THE government will buy aircrafts to spray against and control gigantic new desert locust swarms that are hitting the Eastern and Central Africa region, threatening millions with hunger.
The collection of short-horned grasshoppers that have phases in invading places have been a huge hazard in different parts of the country such as Mwanga and Siha districts in Kilimanjaro region, Simanjiro in Manyara region and Longido District in Arusha region.
It was said that by yesterday the insects had invaded Ngarenairobi Ward in Siha District.
In response to the new invasion of locusts, the Minister for Agriculture, Professor Adolf Mkenda says in this financial year the government will set aside the funds for purchasing a new aircraft and repairing the existing plane.
"We will set aside a budget to buy aircrafts this year, so as to make easy and quick followup of the desert locusts, quelea quelea and other destructive insects that fly and move from place to place. We will have in place the right resources to contain the situation in future," said Professor Mkenda.
The minister said that so far areas that were invaded by the locusts in Kenya are being controlled.

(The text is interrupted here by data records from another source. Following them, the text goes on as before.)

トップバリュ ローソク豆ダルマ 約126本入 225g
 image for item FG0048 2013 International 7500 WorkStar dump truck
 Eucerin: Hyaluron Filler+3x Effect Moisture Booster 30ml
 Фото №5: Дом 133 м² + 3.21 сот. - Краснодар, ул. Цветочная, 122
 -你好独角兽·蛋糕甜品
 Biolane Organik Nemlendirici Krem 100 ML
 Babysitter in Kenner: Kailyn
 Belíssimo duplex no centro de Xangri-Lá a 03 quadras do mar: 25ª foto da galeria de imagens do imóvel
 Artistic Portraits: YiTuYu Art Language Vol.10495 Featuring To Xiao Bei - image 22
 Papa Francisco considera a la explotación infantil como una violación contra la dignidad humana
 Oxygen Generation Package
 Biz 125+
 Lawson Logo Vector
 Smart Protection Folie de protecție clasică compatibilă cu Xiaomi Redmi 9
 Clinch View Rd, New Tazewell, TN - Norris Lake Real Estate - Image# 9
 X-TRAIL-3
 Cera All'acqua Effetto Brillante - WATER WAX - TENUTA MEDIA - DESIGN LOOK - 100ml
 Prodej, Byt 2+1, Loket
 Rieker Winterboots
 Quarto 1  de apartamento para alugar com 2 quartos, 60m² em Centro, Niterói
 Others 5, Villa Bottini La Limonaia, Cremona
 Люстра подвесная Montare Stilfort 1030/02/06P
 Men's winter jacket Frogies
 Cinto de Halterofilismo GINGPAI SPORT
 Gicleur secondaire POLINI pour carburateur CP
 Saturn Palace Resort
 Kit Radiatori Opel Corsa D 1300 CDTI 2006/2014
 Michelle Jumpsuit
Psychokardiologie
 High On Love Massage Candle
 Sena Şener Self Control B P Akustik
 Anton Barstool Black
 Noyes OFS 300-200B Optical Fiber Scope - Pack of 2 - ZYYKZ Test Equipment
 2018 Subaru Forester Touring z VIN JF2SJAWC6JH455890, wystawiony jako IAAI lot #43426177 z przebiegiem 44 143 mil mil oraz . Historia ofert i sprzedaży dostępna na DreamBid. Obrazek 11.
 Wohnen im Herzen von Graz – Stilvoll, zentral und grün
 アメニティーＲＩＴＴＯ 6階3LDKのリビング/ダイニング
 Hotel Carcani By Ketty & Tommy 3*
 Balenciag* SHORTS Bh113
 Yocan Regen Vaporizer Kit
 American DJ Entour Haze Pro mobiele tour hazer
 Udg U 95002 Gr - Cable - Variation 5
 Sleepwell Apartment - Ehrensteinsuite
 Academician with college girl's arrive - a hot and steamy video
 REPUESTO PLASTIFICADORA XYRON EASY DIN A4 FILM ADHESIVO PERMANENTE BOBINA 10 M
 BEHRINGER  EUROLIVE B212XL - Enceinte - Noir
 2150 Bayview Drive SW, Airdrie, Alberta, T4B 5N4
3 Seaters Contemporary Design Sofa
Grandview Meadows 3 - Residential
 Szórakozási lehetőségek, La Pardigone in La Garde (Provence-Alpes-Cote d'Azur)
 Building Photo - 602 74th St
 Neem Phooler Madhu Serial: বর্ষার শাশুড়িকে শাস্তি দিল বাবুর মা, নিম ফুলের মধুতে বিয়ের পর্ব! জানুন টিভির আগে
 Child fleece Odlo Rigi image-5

Ministries responsible for agriculture in the two countries have been in constant communication and join efforts in dealing with the challenge.
"We are controlling them (desert locusts). We do not like to spray poisonous material in residential areas, so we will do that early in the morning as the aircraft will be returning. I beseech the public not to eat these insects," advised Professor Mkenda.
Apart from using the aircraft, some agricultural experts will be moving around to spray against the locusts. The government is still making efforts to contain the locusts that have of late not stayed in one area for long periods.
In the past few days, light to moderate rains fell in northern Kenya and southern Ethiopia that could be sufficient to allow the swarms present in both countries to mature and eventually lay eggs, which would give rise to another generation of breeding.
According to the Food and Agriculture Organisation (FAO), small swarms moved from southern Kenya to northeast Tanzania, where they were reported. One aircraft was deployed and control operations were underway.
The Deputy Minister for Agriculture, Mr Hussein Bashe, said that the locusts have affected much of the Longido and Simanjiro districts but they have been somehow contained now.
"We have been to Longido and Simanjiro; our experts have done a great job. We can say that the situation is not bad as of now. We have directed the experts to remain in the said areas," said Mr Bashe.
Siha District Commissioner (DC), Mr Onesmo Buswelu, urged the public not to panic with the invasion of the desert locusts, bearing in mind that it is an agricultural season.
They should rest assured that the government will play well its part in getting rid of them.